Kolejny dodatek ¨DGP¨¨Firma i Prawo¨ zamieszcza tekst: ¨Flipperzy już wkrótce (prawie) jak deweloperzy¨. Wchodzące od 1 lipca nowe prawo nałoży obowiązki również na przedsiębiorców, którzy zajmują się nabywaniem lokali na rynku pierwotnym, a następnie ich sprzedażą. Będą musieli stosować m.in. przepisy dotyczące umów rezerwacyjnych. Za kilka dni, od 1 lipca br. wejdzie w życie nowa ustawa deweloperska (czyli ustawa z 20 maja 2021 r. o ochronie praw nabywcy lokalu mieszkalnego lub domu jednorodzinnego oraz Deweloperskim Funduszu Gwarancyjnym). Wprowadzi ona sporą rewolucję ? i to nie tylko dla deweloperów, lecz także dla sporej części tzw. flipperów. Chodzi o tych przedsiębiorców, którzy w ramach swojej działalności gospodarczej kupują mieszkania na rynku pierwotnym, by następnie sprzedać je za odpowiednio wyższą stawkę konsumentom.
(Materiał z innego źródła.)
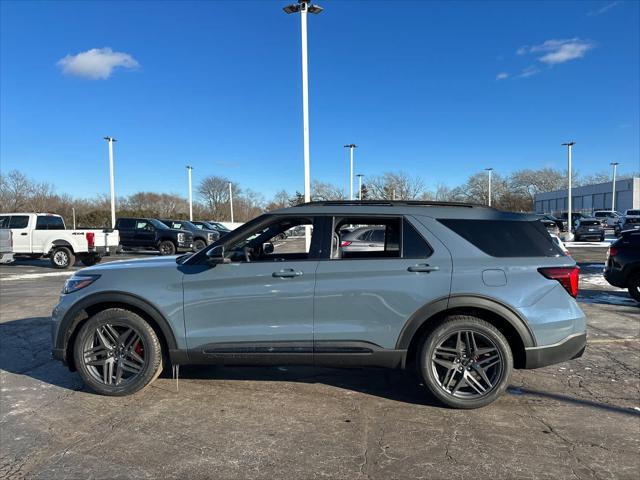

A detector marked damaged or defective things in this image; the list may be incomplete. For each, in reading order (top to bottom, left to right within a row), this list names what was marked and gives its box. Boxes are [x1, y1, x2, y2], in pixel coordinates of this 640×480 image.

cracked pavement [0, 249, 636, 478]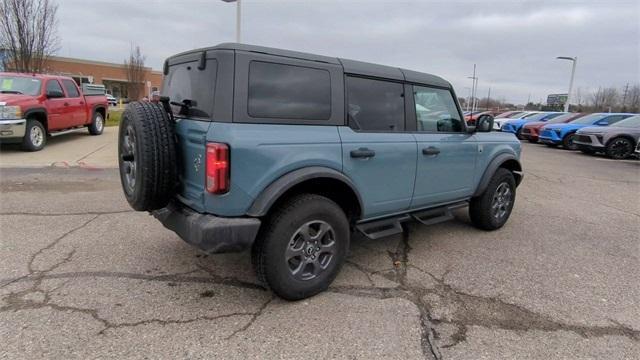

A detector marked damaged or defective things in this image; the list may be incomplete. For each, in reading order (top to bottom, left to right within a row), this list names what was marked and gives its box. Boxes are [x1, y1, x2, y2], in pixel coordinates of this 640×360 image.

cracked pavement [0, 142, 636, 358]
Projektodawca nowej ustawy zauważył bowiem, że na rynku funkcjonuje praktyka sprzedaży nowych lokali mieszkalnych, gdzie sprzedającymi nie są bezpośrednio deweloperzy, ale inni przedsiębiorcy, którzy od nich tę nieruchomość nabyli i ustanowili odrębną własność na swoją rzecz. A jako że tacy sprzedawcy ustawie deweloperskiej nie podlegają, to dotychczas konsumenci nie mieli parasola ochronnego. W związku z tym postanowiono, że po wejściu nowej ustawy niektóre jej przepisy powinny mieć zastosowanie również do umów sprzedaży wybudowanego lokalu mieszkalnego lub domu jednorodzinnego zawieranych właśnie pomiędzy przedsiębiorcami innymi niż deweloper a nabywcami (osobami fizycznymi zawierającymi umowę w celu niezwiązanym z prowadzoną działalnością gospodarczą lub zawodową). Ponadto regulacje ustawy obejmą też umowy przeniesienia własności lokali użytkowych, zawierane wraz z tymi umowami (np. garaży, pomieszczeń przeznaczonych na cele rekreacyjne czy boksów rowerowych). Lektura dla zainteresowanych- na pierwszej i drugiej stronie dodatku.

(Źródło: ¨Dziennik Gazeta Prawna¨– 21.06.2022.).